In addition to reducing first events in patients after an acute coronary syndrome (ACS), we hypothesized that high-dose atorvastatin 80 mg would also reduce recurrent cardiovascular events, and therefore total events, compared with pravastatin 40 mg during the 2-year follow-up.

In the PROVE IT-TIMI 22 (Pravastatin or Atorvastatin Evaluation and Infection Therapy-Thrombolysis In Myocardial Infarction 22) trial, more intensive lipid lowering with high-dose atorvastatin reduced the first occurrence of the primary end point (death, myocardial infarction, unstable angina requiring rehospitalization, stroke, or revascularization > or = 30 days) compared with moderate lipid lowering with pravastatin.

Poisson regression analysis was performed to compare the number of occurrences of the primary end point between high-dose atorvastatin and pravastatin in the PROVE IT-TIMI 22 trial.

As previously reported, first primary end point events were reduced by 16% with atorvastatin 80 mg versus pravastatin 40 mg (n = 464 vs. n = 537, respectively; p = 0.005). Additional events were also reduced by 19% with atorvastatin 80 mg (n = 275 vs. n = 340, respectively; p = 0.009). Overall, there were 138 fewer primary efficacy events with atorvastatin 80 mg versus pravastatin 40 mg (n = 739 vs. n = 877, respectively; rate ratio: 0.85, 95% confidence interval: 0.77 to 0.94, p = 0.001).

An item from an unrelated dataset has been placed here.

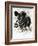 Wild Boar-English School-Framed Giclee Print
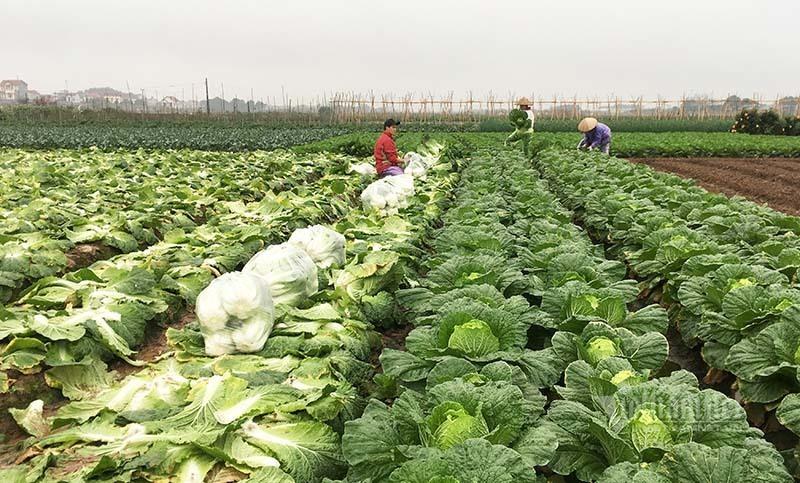 Rau tăng giá chóng mặt, rét thấu xương ra đồng hái bán lãi 400 triệu/ha - Ảnh 4.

Although analytic techniques commonly used in clinical outcomes trials censor patients who experience a component of the primary composite end point, total cardiovascular events are important to patients, clinicians, and health care payers. Maintaining low levels of low-density lipoprotein cholesterol is central to preventing additional atherosclerotic development and subsequent cardiovascular events. Atorvastatin 80 mg, a more intensive low-density lipoprotein cholesterol lowering agent, reduced both first and subsequent primary end point events compared with pravastatin 40 mg after ACS.